== AVAILABLE DATA ==
□ □ □ □ □ □ □
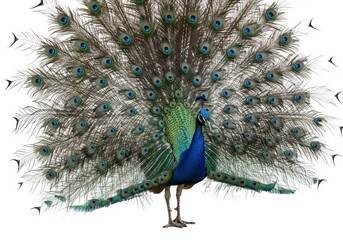 Peacock with Vibrant Blue Green Feathers Displaying Fan in White Background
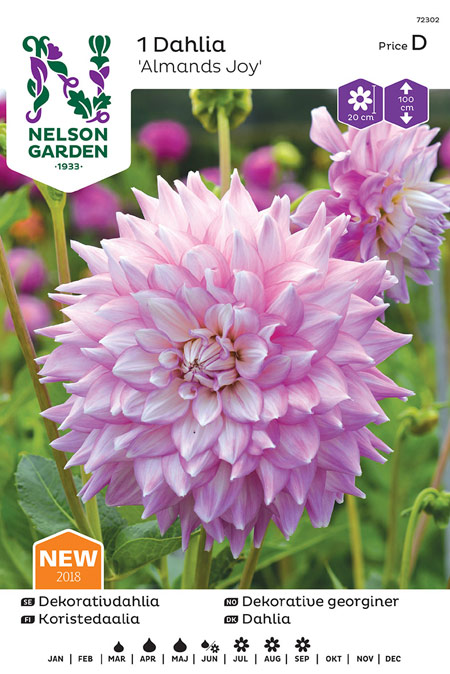 1100040 DAHLIA x pinnata Koristedaalia 'Almands Joy'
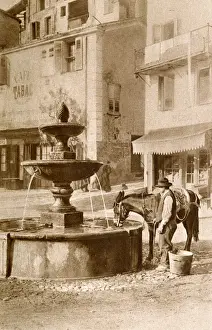 Man and donkey in Puget-Theniers, Alpes-Maritimes, France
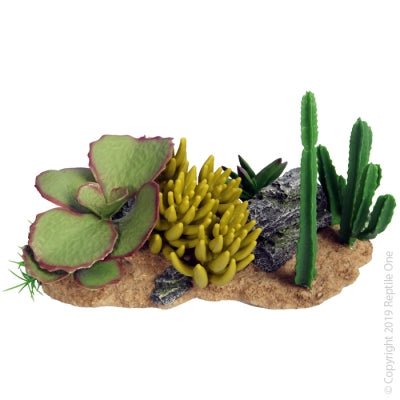 Reptile One Succulent Garden with Resin Base 30 x 16.5 x 17.5cm - Aquatic Supplies Australia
□ □ □ □ □ □ □
== WORK TASK ==
Here the lines from the one containing "1100040 DAHLIA x" through the end of the material are to be copied exactly, with the pictures omitted.

== FINAL ANSWER ==
 1100040 DAHLIA x pinnata Koristedaalia 'Almands Joy'
 Man and donkey in Puget-Theniers, Alpes-Maritimes, France
 Reptile One Succulent Garden with Resin Base 30 x 16.5 x 17.5cm - Aquatic Supplies Australia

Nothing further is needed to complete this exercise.